Today we remember Charles Gore. Charles Gore was a bishop, successively bishop of Worcester, Birmingham and Oxford, and he was a liberal Anglo-Catholic theologian. Born in Wimbledon in 1835, Gore was educated at Harrow School, the school which is at the top of the hill in Harrow. I went to The John Lyon School, which is half way up the hill in Harrow!
It was at Harrow that Gore was exposed to ‘Catholic’ spirituality where he was nurtured by, among others, B. F. Westcott. He studied at Balliol College, Oxford, before becoming the vice-principle of Cuddesdon, the liberal anglo-catholic Theological training college in Oxford. He then became the first principle at Pusey House, the anglo-catholic study centre in Oxford. Sound like a good jobs! Whilst at Pusey, he founded the Community of the Resurrection, which in later years settled at Mirfield in Yorkshire and is where Luke, who was on placement with us last term, where he will train for ordination next academic year.
Gore became one of the most influential of Anglican theologians of his time and he sought to somehow bring together the anglo-catholic movement with the critical ways of reading scripture and the Christ event which modernity was engendering in the academy. He helped reconcile the Church to some aspects of this biblical criticism and the ongoing scientific discoveries, yet he was largely Catholic in his interpretation of the faith and sacraments.
He was, however, no narrow-minded academic aristocrat, he was passionately concerned for social justice and for a manifestation of Christian thought and life in the every-day reality of the world. He had a lifelong involvement with the Oxford Mission to Calcutta and the Christian Socialist Union, and was a supporter of the Workers Educational Association when he was Bishop of Birmingham, a diocese which he helped establish.
He was much mourned at his death on this day in 1932.
Charles Gore was a rich young man. Rich in financial terms and rich in intellect and educational oppourtunity. But it seems that he did use that richness for good. Through the richness of his intellect, he helped bring freedom to those within the sometimes totalitarian catholic tradition and he helped those struggling to reconcile modernity with faith.
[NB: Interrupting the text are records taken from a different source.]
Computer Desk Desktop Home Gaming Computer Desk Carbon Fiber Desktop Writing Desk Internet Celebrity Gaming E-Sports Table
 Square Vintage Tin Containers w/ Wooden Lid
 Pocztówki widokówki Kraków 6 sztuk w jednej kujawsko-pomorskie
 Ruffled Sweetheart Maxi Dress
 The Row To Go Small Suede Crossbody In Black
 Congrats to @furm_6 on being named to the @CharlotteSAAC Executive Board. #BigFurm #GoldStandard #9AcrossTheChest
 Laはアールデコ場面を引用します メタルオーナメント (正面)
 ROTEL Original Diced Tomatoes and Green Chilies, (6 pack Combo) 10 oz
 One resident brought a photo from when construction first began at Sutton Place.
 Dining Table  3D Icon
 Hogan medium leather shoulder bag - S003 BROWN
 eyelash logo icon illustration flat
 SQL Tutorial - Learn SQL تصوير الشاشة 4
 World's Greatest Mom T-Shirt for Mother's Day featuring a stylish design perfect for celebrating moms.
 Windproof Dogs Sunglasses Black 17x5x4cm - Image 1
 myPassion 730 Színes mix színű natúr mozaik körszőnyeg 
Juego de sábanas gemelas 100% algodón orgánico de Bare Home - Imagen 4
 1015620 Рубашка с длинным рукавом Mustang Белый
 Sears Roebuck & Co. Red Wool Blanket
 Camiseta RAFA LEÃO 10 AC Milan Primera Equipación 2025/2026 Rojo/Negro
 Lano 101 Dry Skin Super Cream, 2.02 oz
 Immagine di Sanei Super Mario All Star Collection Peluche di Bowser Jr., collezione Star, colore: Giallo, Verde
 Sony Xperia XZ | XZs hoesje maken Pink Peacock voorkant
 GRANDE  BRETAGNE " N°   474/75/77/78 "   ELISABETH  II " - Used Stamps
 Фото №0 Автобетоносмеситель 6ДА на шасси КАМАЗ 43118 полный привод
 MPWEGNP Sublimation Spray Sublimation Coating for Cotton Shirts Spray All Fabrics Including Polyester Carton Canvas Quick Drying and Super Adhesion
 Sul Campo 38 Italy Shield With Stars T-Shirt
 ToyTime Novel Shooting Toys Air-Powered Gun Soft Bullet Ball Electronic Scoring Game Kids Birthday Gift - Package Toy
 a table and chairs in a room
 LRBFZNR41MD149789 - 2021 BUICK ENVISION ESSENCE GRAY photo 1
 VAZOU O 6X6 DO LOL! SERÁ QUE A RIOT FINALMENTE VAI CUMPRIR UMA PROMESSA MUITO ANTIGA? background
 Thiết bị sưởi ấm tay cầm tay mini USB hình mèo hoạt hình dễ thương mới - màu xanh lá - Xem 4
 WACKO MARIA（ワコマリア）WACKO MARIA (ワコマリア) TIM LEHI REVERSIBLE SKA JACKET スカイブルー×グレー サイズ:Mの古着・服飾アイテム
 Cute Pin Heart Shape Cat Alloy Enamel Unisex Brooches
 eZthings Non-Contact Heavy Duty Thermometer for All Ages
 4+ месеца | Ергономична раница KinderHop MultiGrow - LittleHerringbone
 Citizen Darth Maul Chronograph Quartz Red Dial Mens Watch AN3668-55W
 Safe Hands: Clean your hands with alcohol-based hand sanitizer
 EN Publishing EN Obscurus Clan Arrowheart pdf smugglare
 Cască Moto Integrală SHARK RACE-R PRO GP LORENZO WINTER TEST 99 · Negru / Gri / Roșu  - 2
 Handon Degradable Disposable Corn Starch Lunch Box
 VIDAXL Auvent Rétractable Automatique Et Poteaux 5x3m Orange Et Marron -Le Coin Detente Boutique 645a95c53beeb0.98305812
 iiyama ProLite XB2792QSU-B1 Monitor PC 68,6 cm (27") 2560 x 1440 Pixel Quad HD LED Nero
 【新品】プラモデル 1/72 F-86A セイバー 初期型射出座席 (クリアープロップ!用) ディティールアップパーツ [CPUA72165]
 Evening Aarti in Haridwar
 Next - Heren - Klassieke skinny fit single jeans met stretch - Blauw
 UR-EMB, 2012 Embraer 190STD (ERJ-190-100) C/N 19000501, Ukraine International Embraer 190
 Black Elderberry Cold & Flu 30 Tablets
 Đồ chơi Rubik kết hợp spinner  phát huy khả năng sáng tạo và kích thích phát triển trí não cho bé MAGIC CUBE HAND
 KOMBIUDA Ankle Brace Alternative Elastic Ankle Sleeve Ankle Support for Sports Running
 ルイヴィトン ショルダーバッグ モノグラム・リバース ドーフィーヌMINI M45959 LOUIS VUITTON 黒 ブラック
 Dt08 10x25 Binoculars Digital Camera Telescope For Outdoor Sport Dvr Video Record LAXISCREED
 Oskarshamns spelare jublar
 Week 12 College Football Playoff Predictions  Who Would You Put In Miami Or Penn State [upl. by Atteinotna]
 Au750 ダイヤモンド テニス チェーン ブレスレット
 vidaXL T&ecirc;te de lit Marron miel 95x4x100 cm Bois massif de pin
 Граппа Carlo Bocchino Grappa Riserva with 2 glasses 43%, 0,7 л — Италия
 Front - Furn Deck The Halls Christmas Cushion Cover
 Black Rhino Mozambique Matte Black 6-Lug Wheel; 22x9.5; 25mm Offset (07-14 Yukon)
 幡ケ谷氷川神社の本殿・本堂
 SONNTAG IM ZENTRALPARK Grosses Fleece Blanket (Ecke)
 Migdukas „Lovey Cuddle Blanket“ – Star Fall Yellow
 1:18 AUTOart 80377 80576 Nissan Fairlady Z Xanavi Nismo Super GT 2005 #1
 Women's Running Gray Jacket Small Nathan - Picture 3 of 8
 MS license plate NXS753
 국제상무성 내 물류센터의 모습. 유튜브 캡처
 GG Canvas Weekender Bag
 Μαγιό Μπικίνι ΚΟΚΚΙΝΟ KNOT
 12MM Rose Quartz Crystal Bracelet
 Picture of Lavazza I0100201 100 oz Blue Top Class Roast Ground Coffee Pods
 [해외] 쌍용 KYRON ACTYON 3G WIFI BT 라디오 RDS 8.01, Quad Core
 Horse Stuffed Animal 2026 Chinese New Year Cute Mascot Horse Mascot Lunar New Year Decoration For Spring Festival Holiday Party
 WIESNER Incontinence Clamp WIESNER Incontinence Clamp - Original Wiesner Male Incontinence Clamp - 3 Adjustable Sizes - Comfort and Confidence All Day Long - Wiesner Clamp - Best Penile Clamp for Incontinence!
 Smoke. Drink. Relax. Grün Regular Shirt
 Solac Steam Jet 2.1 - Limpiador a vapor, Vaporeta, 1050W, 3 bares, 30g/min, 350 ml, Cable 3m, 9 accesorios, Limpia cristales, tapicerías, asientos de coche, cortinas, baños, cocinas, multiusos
And through his wealth as a bishop, he helped those who were trapped by the economic systems of the world.
It seems to me that this is a good pattern for us to follow. In the action of God, freedom occurs. Freedom from slavery for Israel, freedom for creation to be itself, freedom from empire, freedom from the fear of death. Just so, in our finite attempts to echo the image of God, it is freedom which we need to offer, even at the cost of our own hold on certainty.
As Charles Gore writes in his “Manuel of Membership in the Church of England,” “Freedom should be the spirit of the church and not least intellectual freedom. Freedom means that the churchman who has really assimilated their religion should find, as Saint Paul says, that “all things are theirs”—that they can feel at home in the whole universe, as a son in the Father’s house—and this cannot be without intellectual liberty. They should be unshackled and open-eyed in the whole world of investigation and discovery.”
What unnuanced assumptions have we made about others? About the systems we work in, which mean that we might fail to bring freedom to others? That we are still captive to our fear of the other. Where do we need freedom in our own lives? Are there people we can go to, to their writings they’ve left us where we might find freedom? Can we open ourselves to find freedom in the act of communion?
In the name of the Father, the Son, and the Holy Spirit, amen.